Longfin (LFIN) saw its stock price plummet on Tuesday following news that FTSE Russell is planning on removing the company from the Russell 2000 and 3000 Indices after only two weeks of inclusion. The FTSE stated that Longfin failed to meet the minimal requirement of having at least 5 percent of company shares available to the public, as only 2.5 percent of its shares are currently in circulation.
The New York-based firm’s stock price skyrocketed in December after it announced its acquisition of Ziddu.com, a marketplace for smart contracts. The announcement, which touted Longfin’s ties to the blockchain world, came just two days after the company’s IPO, sending the stock price from $5 to as high as $73.
The meteoric rise mirrored a recent Wall Street trend where companies’ stock prices surge following the slighted hint of blockchain adoption. A few other notable names that have benefited from this ‘crypto craze’ include Overstock.com and Kodak, companies that have announced major shifts to focus on blockchain asset development.
It did not take long for Longfin’s price to return to earth following the pump. Longfin’s CEO, Venkat Meenavalli, incited the initial stock plummet on Monday with a shaky defense of the company’s Ziddu.com acquisition, during a CNBC interview. Since that time, the stock price has settled down from over $70 to around $17, representing a $1.2 billion market cap.

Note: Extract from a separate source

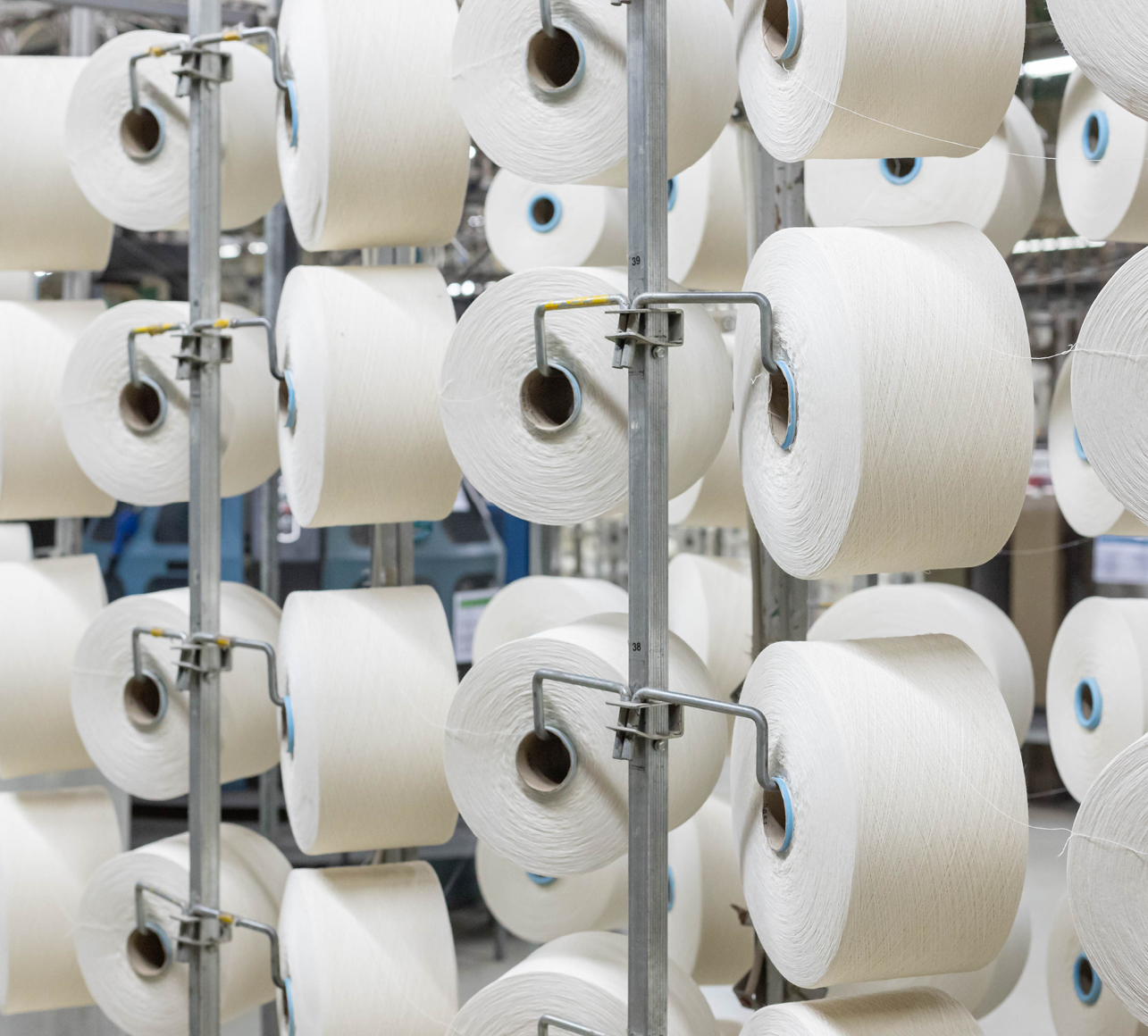 Rolls of processes cotton on racks at the Fruit of the Loom clothing production facility.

Citron Research, a short-selling firm led by Andrew Left, has since weighed in with a tweet, saying “@sec_enforcement should not be far behind. Filings and press releases are riddled with inaccuracies and fraud.”
— Citron Research (@CitronResearch) March 26, 2018
Lijie Zhu of Dragon Gate Investment Partners, Longfin’s investor-relations firm, told Bloomberg Technology, “We don’t see any fraud.”